DISTRIBUTED DATA PROCESSINGBack Case Studies
Client: EU country government
Project Duration: 8 months
Goal: Efficiently process data from multiple data sources with an extremely complex data model in order to provide detail historical information
Tech: Apache Cassandra, Apache Spark, SQL, Scala, EMR, Solr
Our client is building a new real-estate evaluation system where tax will be calculated based on the property value. Property value is calculated by taking into consideration many factors other than just the property sale value: surrounding property sales prices, school distance, park or lake distance, etc. The new system is designed so that it can provide historical data for all the properties in the system and the operator can always check what the property looked like at a given point in time and provide information on how tax was calculated for legal requirements.

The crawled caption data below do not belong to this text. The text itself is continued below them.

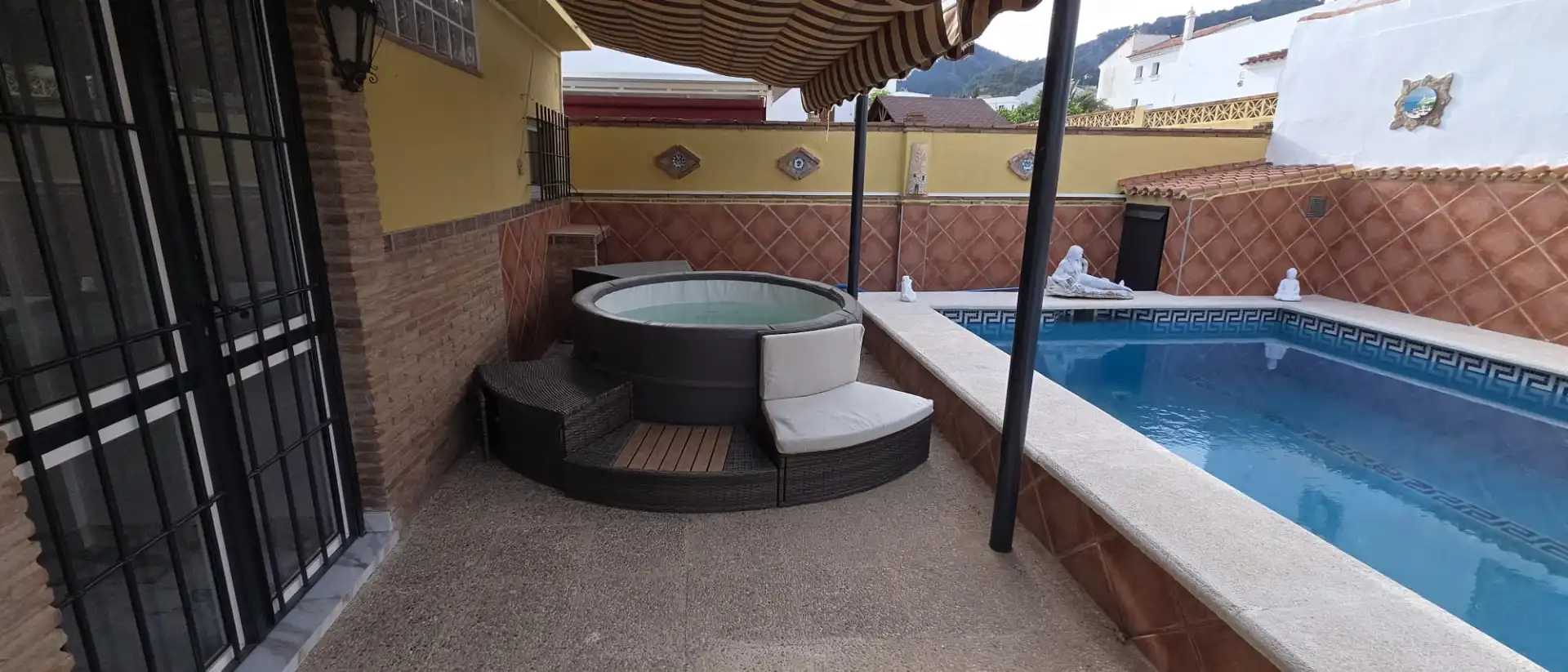 Terrasse von Haus oder Chalet zum Verkauf in Alhaurín de la Torre mit Klimaanlage, Privatgarten und Terrasse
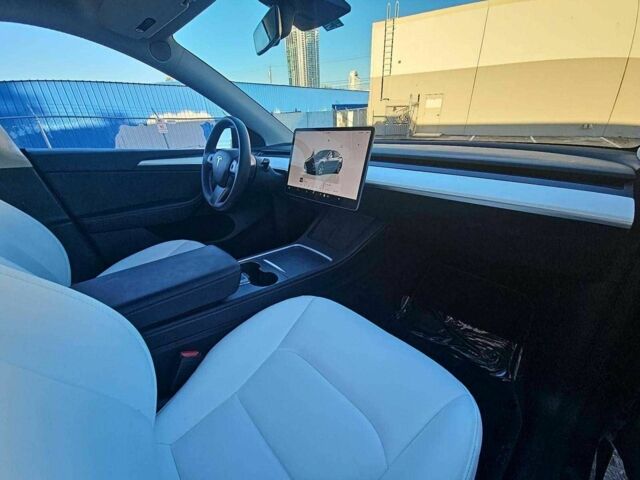 Серый Тесла Другая, объемом двигателя 0 л и пробегом 50 тыс. км за 28000 $, фото 3 на Automoto.ua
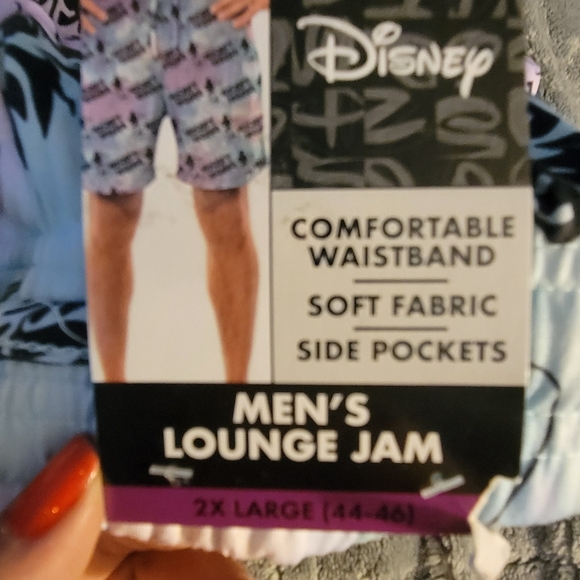 Mickey Mouse Lounge Shorts - Picture 2 of 2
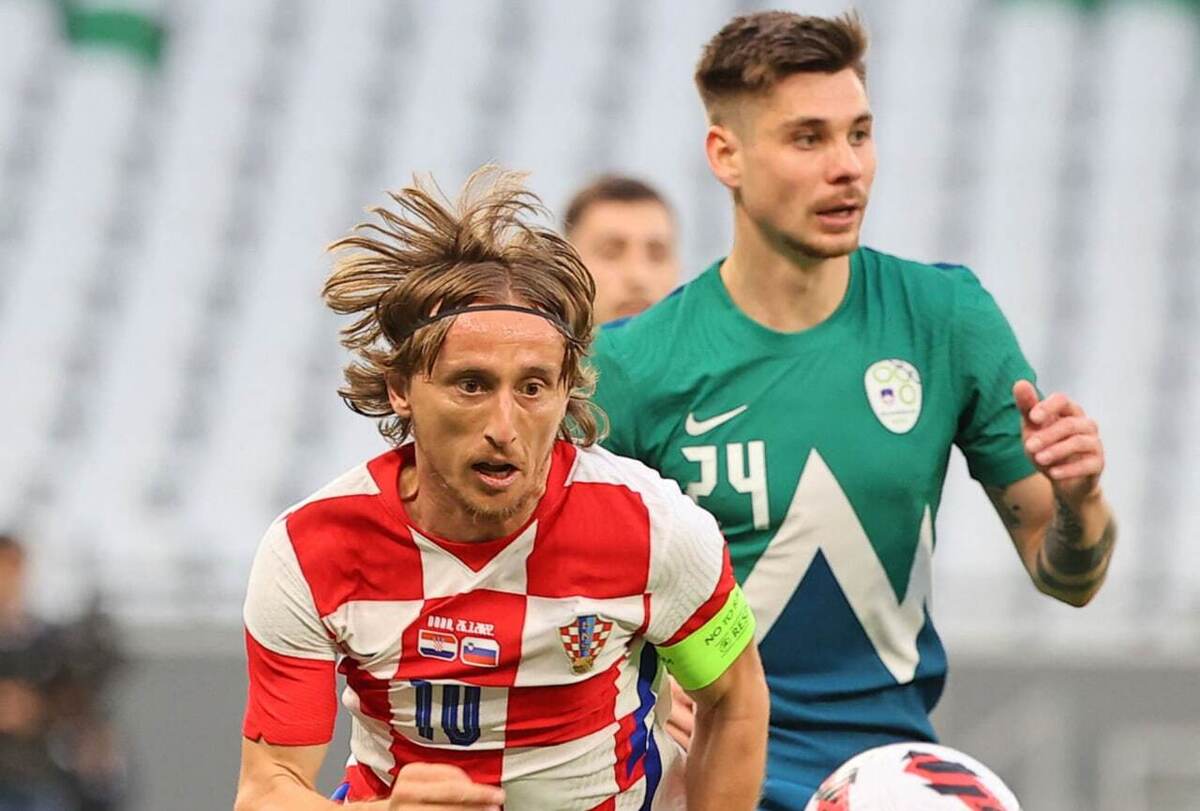 تمایل پرسپولیس به خرید مدافع چپ اروپایی تمایل پرسپولیس به خرید مدافع چپ اروپایی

Data collected from multiple sources is stored into an SQL database. All entities in the SQL database are written as immutable and all the changes to existing entities create new entries in audit fashion. In order to enable the rest of the system components to easily query the property data, we needed to do all the processing ahead. Processing complexity lies in the business logic and how the entity states are kept in audit fashion. Since the data model is extremely complex (11 depth and 9 width) we needed to use a distributed processing framework and Spark was our first choice. The initial implementation was complex and total processing duration was around 96 hours.

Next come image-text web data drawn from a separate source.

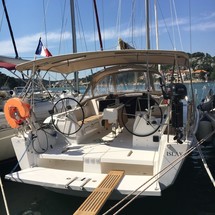 Dufour 382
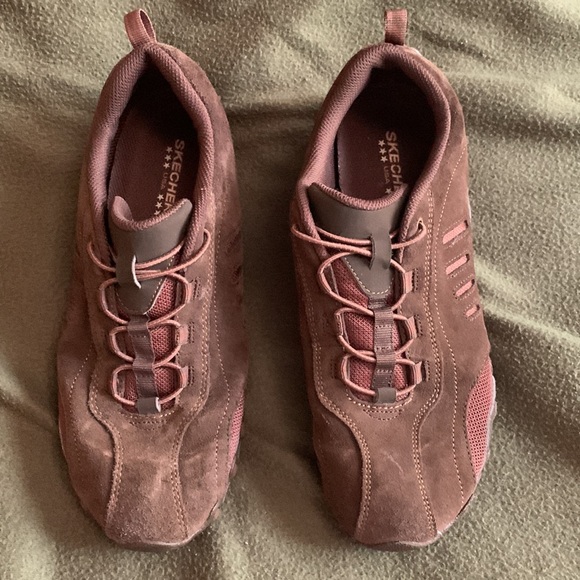 Skechers brown, slip-on shoes.  Size 8 - Picture 2 of 4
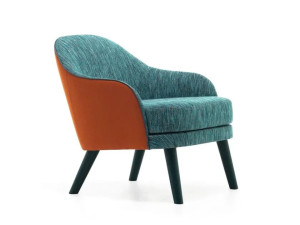 Тканевое кресло с подлокотниками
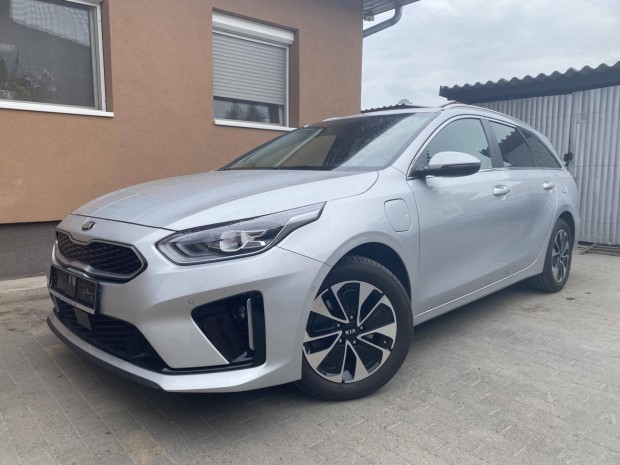KIA CEE'D Ceed SW 1.6 GDI Phev Platinum DCT Áfá...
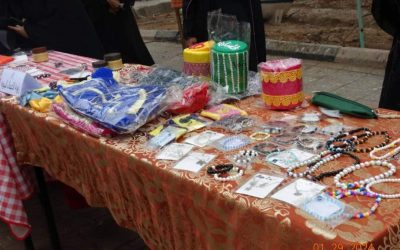 عدن:مبادرة هُن للفتيات الصم تنفذ البازار الجامعي للطلاب لدمج فئة الصم في المجتمع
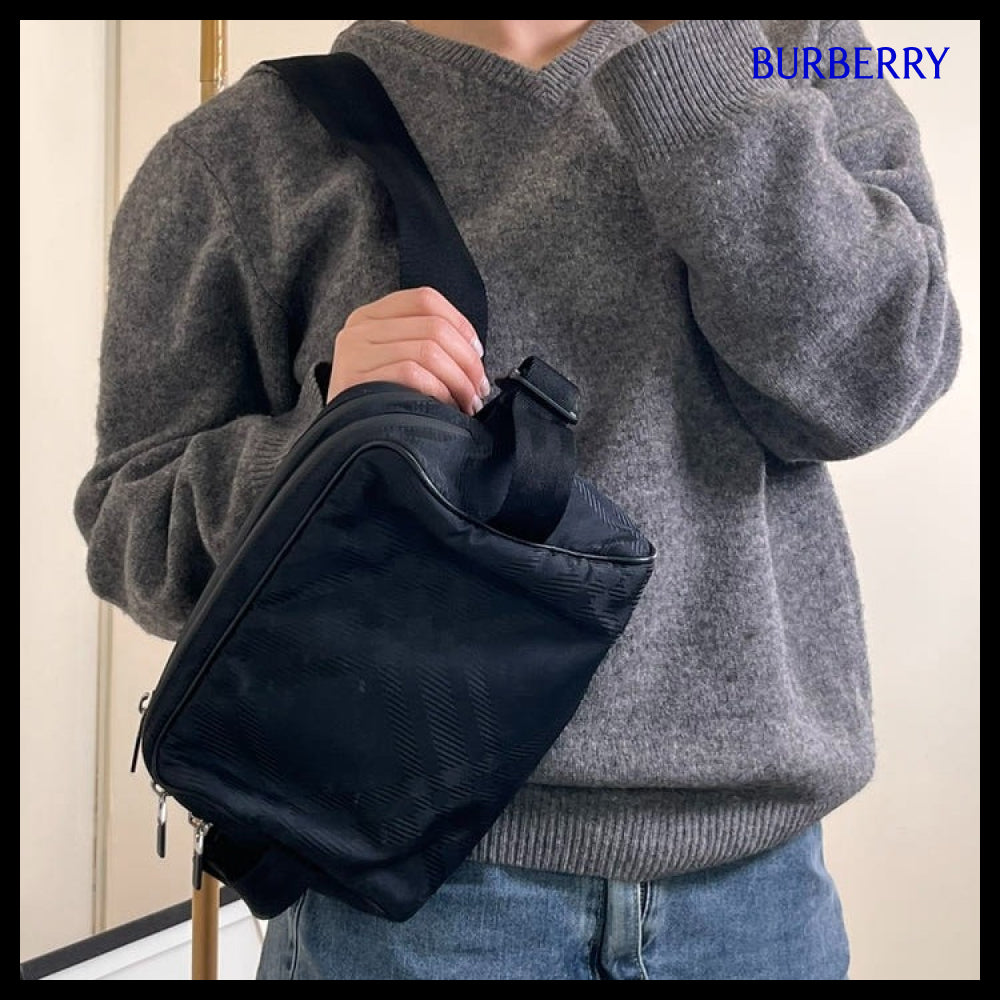 【Burberry】Check Jacquard Nylon Belt Bag Black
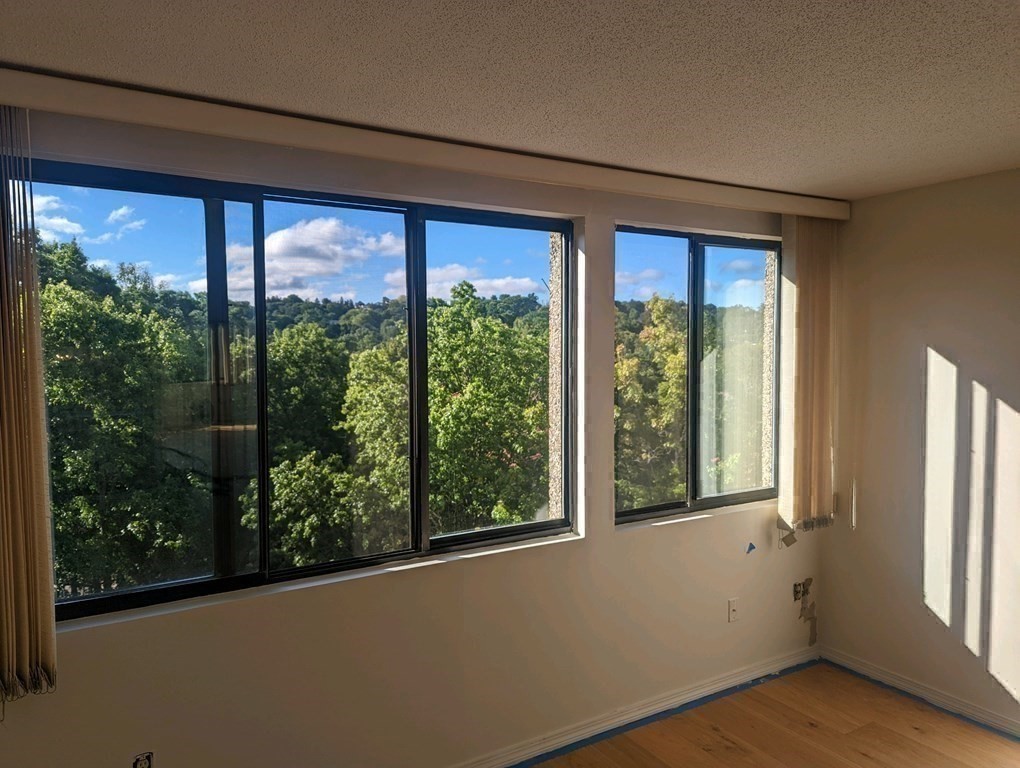 1731 Beacon # 615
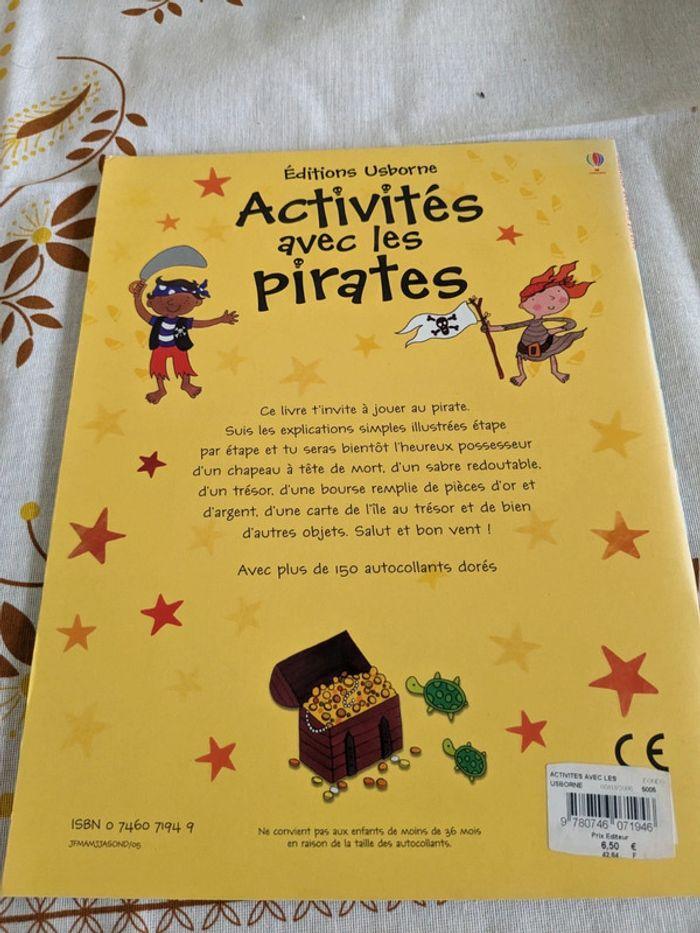 Activités avec les pirates avec autocollants - photo numéro 3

After a couple of iterations and reworking the processing code, we decided to leverage Spark for its distributed infrastructure but moved all the processing functionality into a custom code being deployed to and ran by workers utilizing the hardware more efficiently.
This optimized approach dropped the code complexity significantly, reduced Spark lineage completely and provided us with a huge improvement in processing speed. The initial solution was correct and necessary in order to properly validate the output data and approach but running for 96 hours was not an option. The optimized solution dropped the processing time to 3 hours and made it easy to extend the codebase or make updates to the processing logic.